▶ **Exercise directions**: Only the pictures stay out; every record is to be quoted exactly.

▶ **Caption-style text data**:
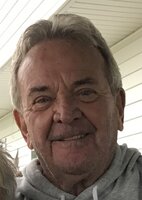 William C. McLaughlin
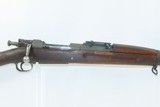World War I/II U.S. SPRINGFIELD M1903 .30-06 Bolt Action C&R MILITARY Rifle With “HS / 7-44” Marked Barrel - 4 of 22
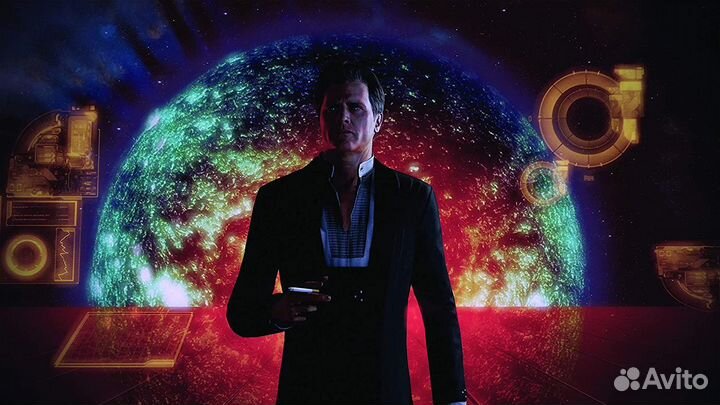 Mass Effect - Legendary Edition (Steam)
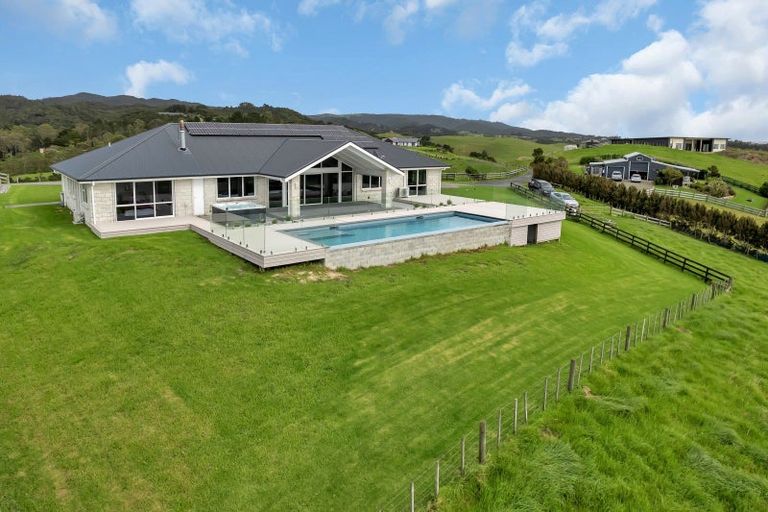 Photo of property in 213 Sandford Road, Ruakaka, Whangarei, 0171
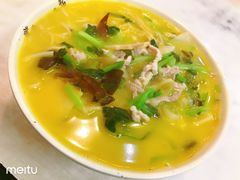 -蒋家桥饺面店(广陵路店)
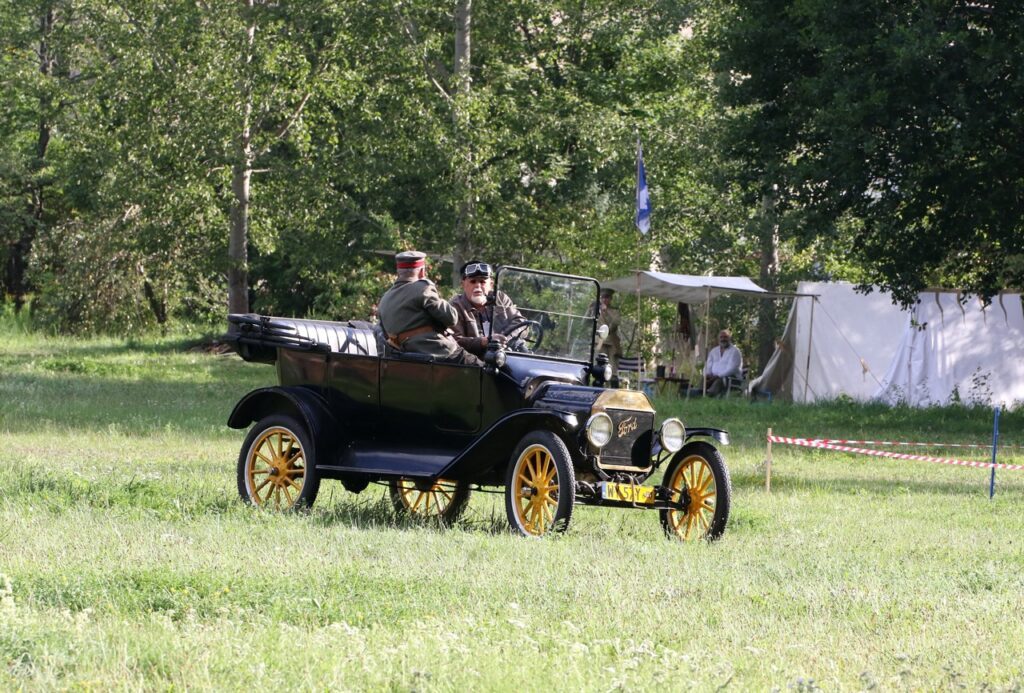 Operacja Boyen 2024 Giżycko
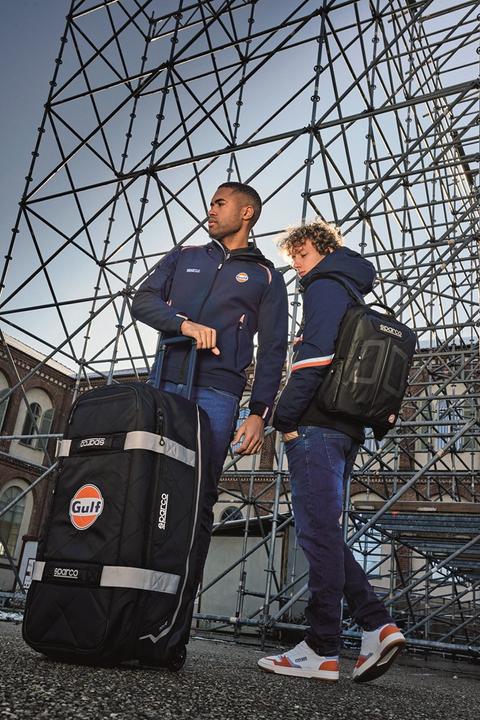 Image du produit Sparco Freizeitschuhe S-Urban (38)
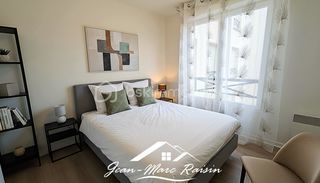  Appartement � vendre 2 pi�ces 46 m�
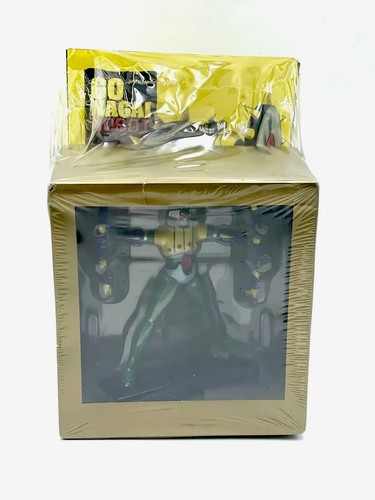 Nagai robot collection - nagai,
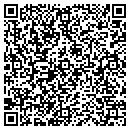 QR code with US Cellular contacts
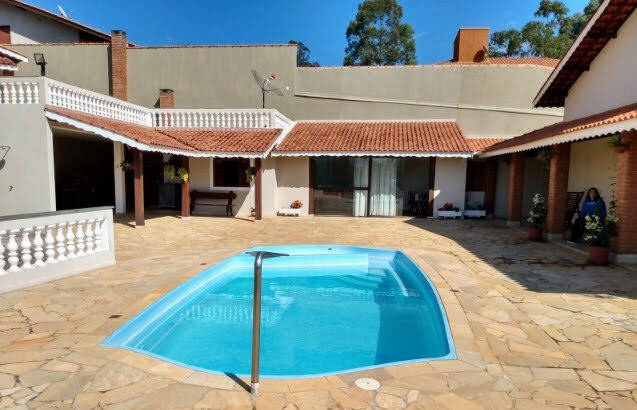 Chácara em Piracaia/São Paulo — Ref H7N36E — Imagem 3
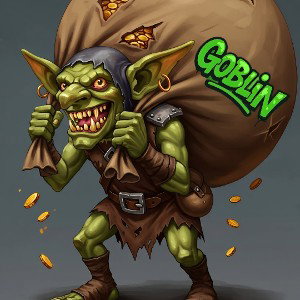 GOBLIN (prod.killmø)
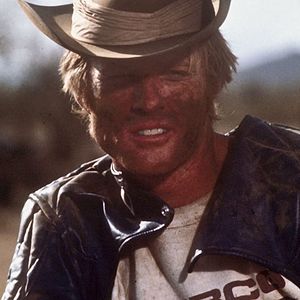 Bilder Robert Redford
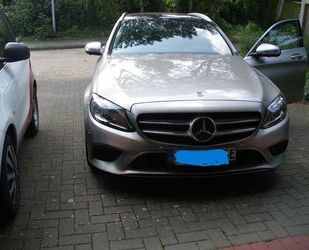 Mercedes-Benz C 300 Gebrauchtwagen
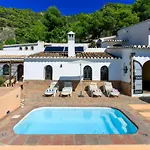 Tatil Evi Comendador By Interhome *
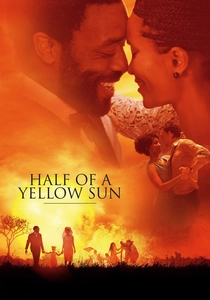 Half of a Yellow Sun (2013)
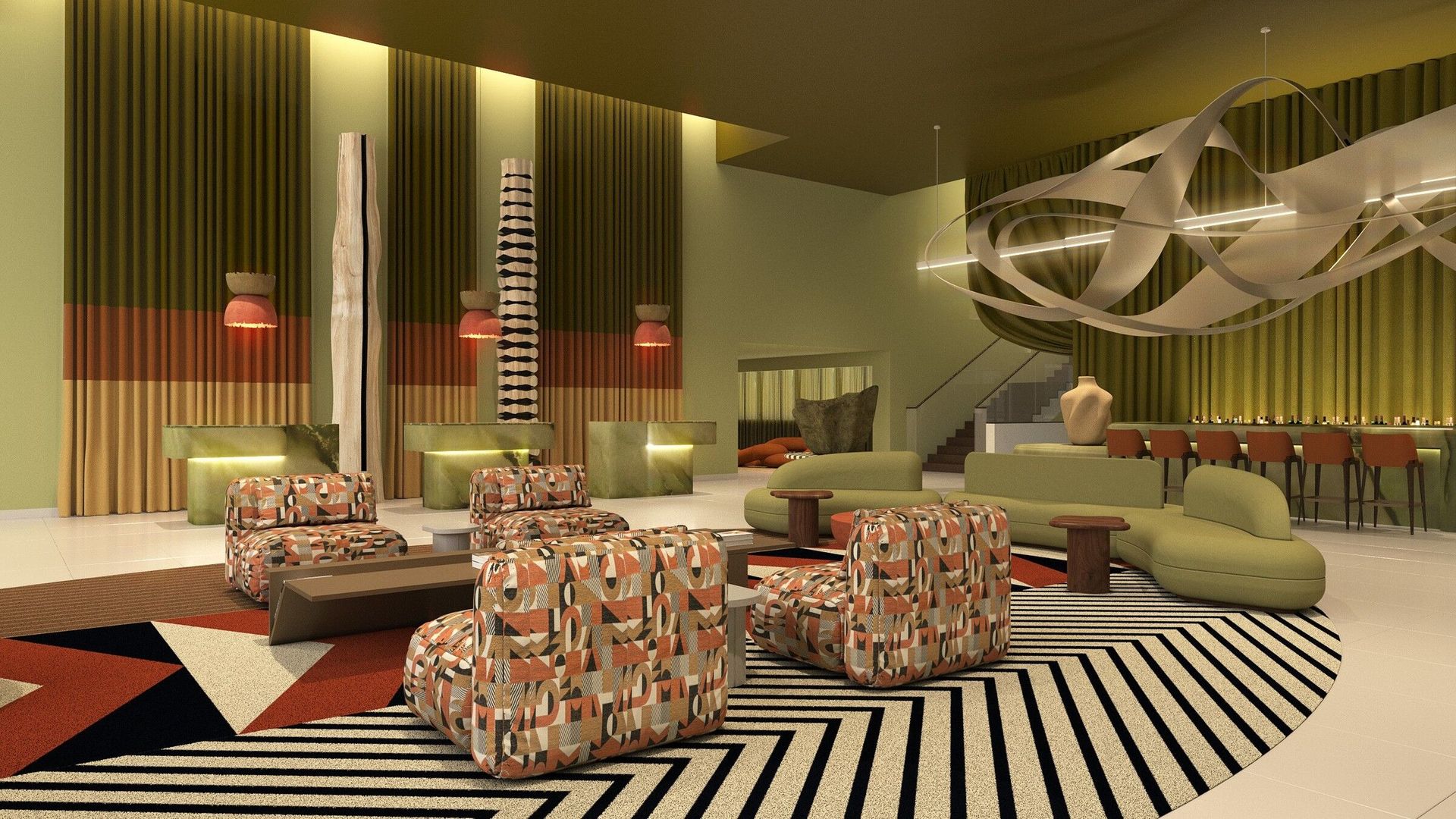 Kimpton Atlântico Algarve, foto 7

▶ **Solved exercise**:
 William C. McLaughlin
World War I/II U.S. SPRINGFIELD M1903 .30-06 Bolt Action C&R MILITARY Rifle With “HS / 7-44” Marked Barrel - 4 of 22
 Mass Effect - Legendary Edition (Steam)
 Photo of property in 213 Sandford Road, Ruakaka, Whangarei, 0171
 -蒋家桥饺面店(广陵路店)
 Operacja Boyen 2024 Giżycko
 Image du produit Sparco Freizeitschuhe S-Urban (38)
  Appartement � vendre 2 pi�ces 46 m�
 Nagai robot collection - nagai,
 QR code with US Cellular contacts
 Chácara em Piracaia/São Paulo — Ref H7N36E — Imagem 3
 GOBLIN (prod.killmø)
 Bilder Robert Redford
 Mercedes-Benz C 300 Gebrauchtwagen
 Tatil Evi Comendador By Interhome *
 Half of a Yellow Sun (2013)
 Kimpton Atlântico Algarve, foto 7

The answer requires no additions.